C++ using extern C library, unexpected memory leak

Question

I have created a simple C library is generated by one .c and one .h file.

// test.c
#include "test.h"
#include "stdlib.h"
void GetArray(int * array)
{
  array = (int *) calloc(2, sizeof(int));
  array[0] = 0;
  array[1] = 1;
}

// test.h
void GetArray(int * array);

I then generated a C++ executable that would link to the C library and call this function.

// Test.cpp
#include "Test.hpp"

int main(int argc, char *argv[])
{
  int * array;
  GetArray(array);
  delete[] array;
  return 0;
}

with header

// Test.hpp
extern "C" {
#include "test.h"
}

For completeness I include the Makefile

CC  = gcc
CPP = g++

# ----- C-based library -------
testlib.a: test.o
        ar rcs testlib.a test.o

test.o: test.c
        $(CC) -c $<

# ------ C++ executable that links to C-based library -----
Test: Test.o testlib.a
        $(CPP) Test.o -o $@ testlib.a

Test.o: Test.cpp
        $(CPP) -c $<

.PHONY: clean
clean:
        rm -f *.o Test testlib.a

I was surprised to see that despite the delete[] array; call in Test.cpp, that a valgrind LEAK SUMMARY report showed that 8 bytes of memory are definitely lost.

I alternatively tried to create array directly in Test.cpp without the call to the C-library function GetArray. That is

// Test.cpp
#include "Test.hpp"

int main(int argc, char *argv[])
{
  int * array;
  array = new int[2];
  array[0] = 0;
  array[1] = 1;
  delete[] array;
  return 0;
}

and observed that the valgrind report then showed no memory leaks. I am not sure why I can't clean memory from the C++ executable that was allocated in a function defined in the C-library.

Answer 1

Change this:

void GetArray(int * array)
{
  array = (int *) calloc(2, sizeof(int));
  array[0] = 0;
  array[1] = 1;
}

To this:

void GetArray(int** array)
{
  *array = (int *) calloc(2, sizeof(int));
  (*array)[0] = 0;
  (*array)[1] = 1;
}

Then invoke as follows:

int* array;
GetArray(&array);

Otherwise, if you only declare it as GetArray(int*), then the parameter value array will get overwritten, but the caller's value for array is never changed. Remember, even pointers themselves are passed by value.

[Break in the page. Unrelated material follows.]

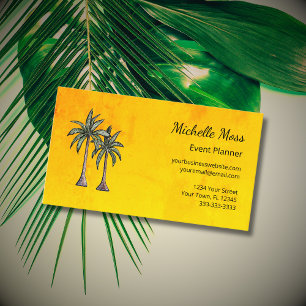 Tropical Palm Trees Professional Event Planner Business Card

A more natural way of course is this:

int* GetArray()
{
  int* array = (int *) calloc(2, sizeof(int));
  array[0] = 0;
  array[1] = 1;
  return array;
}

Then invoked as:

int* array = GetArray();

Answer 2

To change within the function GetArray the pointer array declared in main you need to pass it to the function by reference.

In C passing by reference means passing an object indirectly through a pointer to it. Thus dereferencing the passed pointer to an object you will get a direct accesss to the object pointed to by the pointer. Otherwise the function will create its own local variable (parameter) initialized by the value of the passed argument and will change the local variable. The variable used as the argument will stay unchanged.

You can imagine your function and its call the following way

GetArray(array);

//...

void GetArray( /*int * patm_array*/)
{
  int *parm_array = array;

  parm_array = (int *) calloc(2, sizeof(int));
  parm_array[0] = 0;
  parm_array[1] = 1;
}

As it is seen it is the local variable parm_array (I renamed the function parameter to distinguish it from the passed variable declared in main) that was changed within the function.

So you need to declare and define the function in C like

void GetArray( int **array )
{
  *array = (int *) calloc(2, sizeof(int));
  ( *array )[0] = 0;
  ( *array )[1] = 1;
}

and call it like

GetArray( &array );

In C++ you could declare and define the function like

void GetArray(int * &array)
{
  array = (int *) calloc(2, sizeof(int));
  array[0] = 0;
  array[1] = 1;
}

and call it like

GetArray( array );